Assignment 1. Each student will be assigned an AllReduce algorithm (or a synthesized variant) to implement in the Astra-Sim simulator. The simulation should use a ring topology of $16$ nodes, each connected by $400$ Gbps links with a $500$ ns propagation delay. The goal is to evaluate the algorithm’s completion time and compare it against the baseline Ring AllReduce across a range of message sizes.
Assignment 2. Building on the first assignment, extend the implementation to a reconfigurable ring topology where nodes are connected via a photonic switch. The objective is to optimize the circuit-switching schedule to minimize the AllReduce completion time. Students may submit either: (i) A proof showing the minimized completion time based on an optimized schedule, or (ii) Simulation results using Astra-Sim, along with a clear description of the optimization method used.
Assignment 3.
- Option 1: Implement the assigned AllReduce algorithm using NVIDIA Collective Communication Library (NCCL) by writing a CUDA code or using torch in python, and evaluate the performance in an $8$ GPU cluster (access will be provided). nccl-tests repository provides a good starting point for implementation.
- Option 2: Extend HTTP/3 QUIC transport protocol with a learning-augmented congestion control algorithm (e.g., having Cubic or Reno as base algorithms and leveraging ML predictions about network conditions) and implement in aioquic. Test the final implementation by sending iperf traffic to different remote servers and compare the throughput-latency-loss performance against the baseline QUIC implementation.

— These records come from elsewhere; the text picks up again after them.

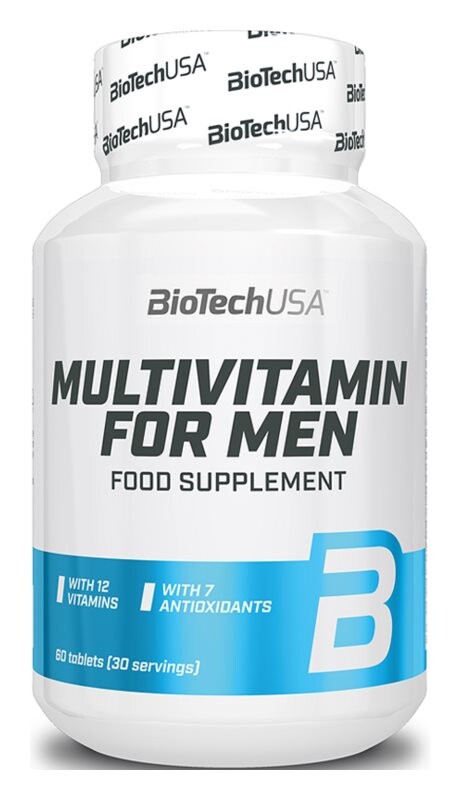 

Комплексный поливитаминный комплекс для мужчин BioTechUSA Multivitamin for Men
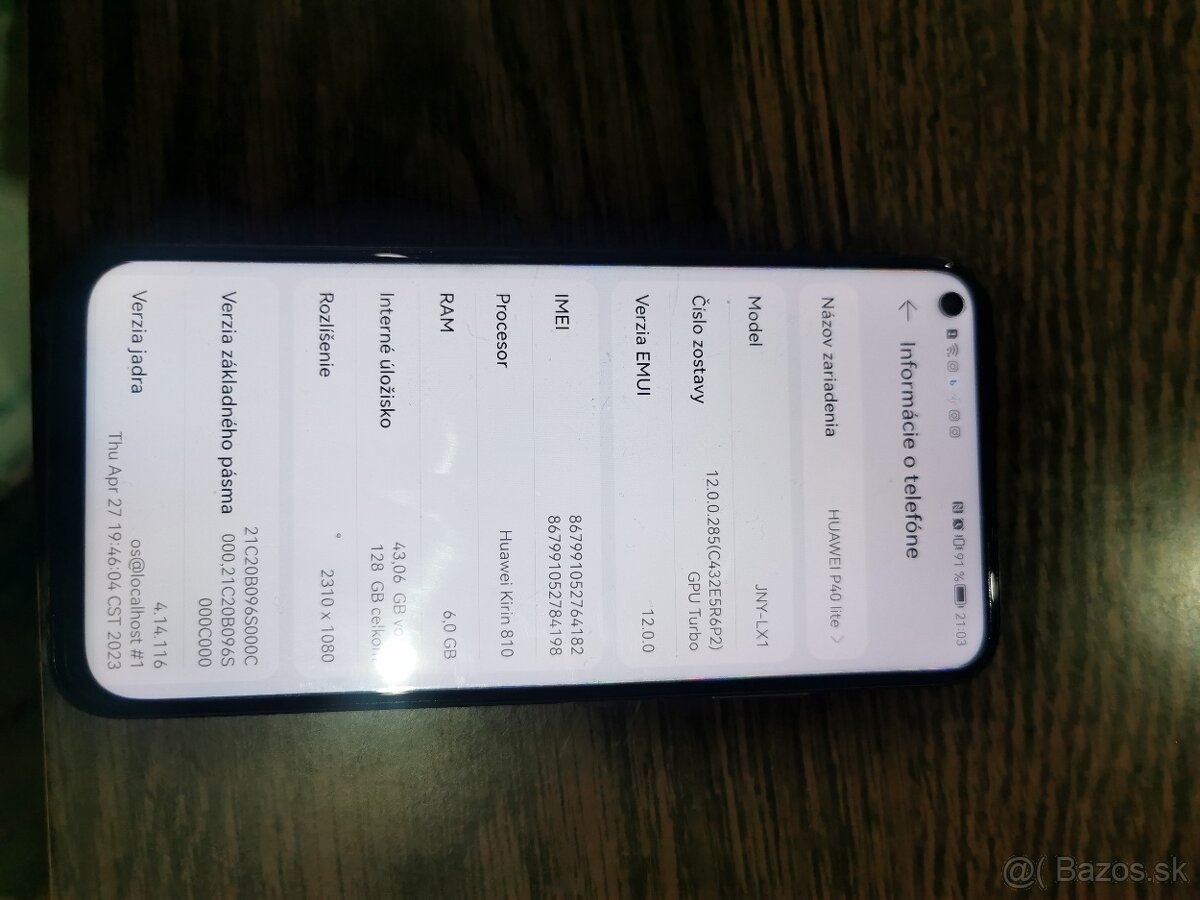 Huawei p40lite 6gb/128gb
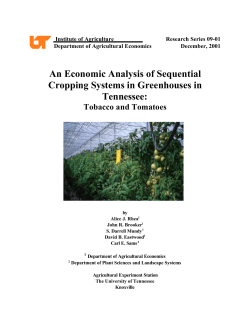 An Economic Analysis of Sequential Cropping Systems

Students may explore any learning algorithm of their choice, with emphasis on the techniques and methods discussed in the course schedule.

Midterm: The format of the midterm will be announced during the semester and will focus on the core concepts underlying the algorithms and protocol designs covered in the weekly readings.

Final project: The course concludes with a final research project, to be submitted via an internal HotCRP portal. Evaluation of the project will primarily consider the originality of the algorithmic or systems design proposal, the depth of related work understanding, and the quality of the presentation.

Learning Objectives

Develop critical thinking in networking.
Lead and participate in academic discussions.
Analyze and present research papers.
Explore and propose innovative solutions.
Implement/test GPU communication algorithms.
Write research papers on AI/DC networking.